YOUR OBJECTIVE: From start to end, print the entire listing below exactly.

EXTRACTED DATA:
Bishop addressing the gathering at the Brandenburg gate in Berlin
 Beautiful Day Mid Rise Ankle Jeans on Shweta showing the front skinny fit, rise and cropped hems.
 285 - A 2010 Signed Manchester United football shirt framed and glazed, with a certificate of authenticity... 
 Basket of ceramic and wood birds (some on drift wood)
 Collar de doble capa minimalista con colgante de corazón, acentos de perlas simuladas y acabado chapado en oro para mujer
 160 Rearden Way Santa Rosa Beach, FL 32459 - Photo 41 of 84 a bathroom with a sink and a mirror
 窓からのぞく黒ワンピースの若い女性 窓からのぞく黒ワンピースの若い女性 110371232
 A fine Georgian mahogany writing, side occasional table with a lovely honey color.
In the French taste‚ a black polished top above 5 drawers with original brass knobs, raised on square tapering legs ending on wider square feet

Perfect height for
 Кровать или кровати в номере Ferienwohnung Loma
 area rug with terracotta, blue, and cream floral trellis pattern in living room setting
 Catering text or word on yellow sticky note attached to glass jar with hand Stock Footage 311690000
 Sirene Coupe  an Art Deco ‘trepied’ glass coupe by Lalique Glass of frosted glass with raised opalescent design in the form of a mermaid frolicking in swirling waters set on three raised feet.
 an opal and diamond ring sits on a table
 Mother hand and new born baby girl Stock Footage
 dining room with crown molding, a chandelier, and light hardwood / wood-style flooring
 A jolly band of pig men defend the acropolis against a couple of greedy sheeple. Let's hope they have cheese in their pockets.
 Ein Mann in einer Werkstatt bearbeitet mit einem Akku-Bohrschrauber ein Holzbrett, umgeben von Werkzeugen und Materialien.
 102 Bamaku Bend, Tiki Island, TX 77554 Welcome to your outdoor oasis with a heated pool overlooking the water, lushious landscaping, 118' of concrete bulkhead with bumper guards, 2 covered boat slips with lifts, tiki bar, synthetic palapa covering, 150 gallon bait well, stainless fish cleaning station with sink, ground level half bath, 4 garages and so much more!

WORKED SOLUTION:
Bishop addressing the gathering at the Brandenburg gate in Berlin
 Beautiful Day Mid Rise Ankle Jeans on Shweta showing the front skinny fit, rise and cropped hems.
 285 - A 2010 Signed Manchester United football shirt framed and glazed, with a certificate of authenticity... 
 Basket of ceramic and wood birds (some on drift wood)
 Collar de doble capa minimalista con colgante de corazón, acentos de perlas simuladas y acabado chapado en oro para mujer
 160 Rearden Way Santa Rosa Beach, FL 32459 - Photo 41 of 84 a bathroom with a sink and a mirror
 窓からのぞく黒ワンピースの若い女性 窓からのぞく黒ワンピースの若い女性 110371232
 A fine Georgian mahogany writing, side occasional table with a lovely honey color.
In the French taste‚ a black polished top above 5 drawers with original brass knobs, raised on square tapering legs ending on wider square feet

Perfect height for
 Кровать или кровати в номере Ferienwohnung Loma
 area rug with terracotta, blue, and cream floral trellis pattern in living room setting
 Catering text or word on yellow sticky note attached to glass jar with hand Stock Footage 311690000
 Sirene Coupe  an Art Deco ‘trepied’ glass coupe by Lalique Glass of frosted glass with raised opalescent design in the form of a mermaid frolicking in swirling waters set on three raised feet.
 an opal and diamond ring sits on a table
 Mother hand and new born baby girl Stock Footage
 dining room with crown molding, a chandelier, and light hardwood / wood-style flooring
 A jolly band of pig men defend the acropolis against a couple of greedy sheeple. Let's hope they have cheese in their pockets.
 Ein Mann in einer Werkstatt bearbeitet mit einem Akku-Bohrschrauber ein Holzbrett, umgeben von Werkzeugen und Materialien.
 102 Bamaku Bend, Tiki Island, TX 77554 Welcome to your outdoor oasis with a heated pool overlooking the water, lushious landscaping, 118' of concrete bulkhead with bumper guards, 2 covered boat slips with lifts, tiki bar, synthetic palapa covering, 150 gallon bait well, stainless fish cleaning station with sink, ground level half bath, 4 garages and so much more!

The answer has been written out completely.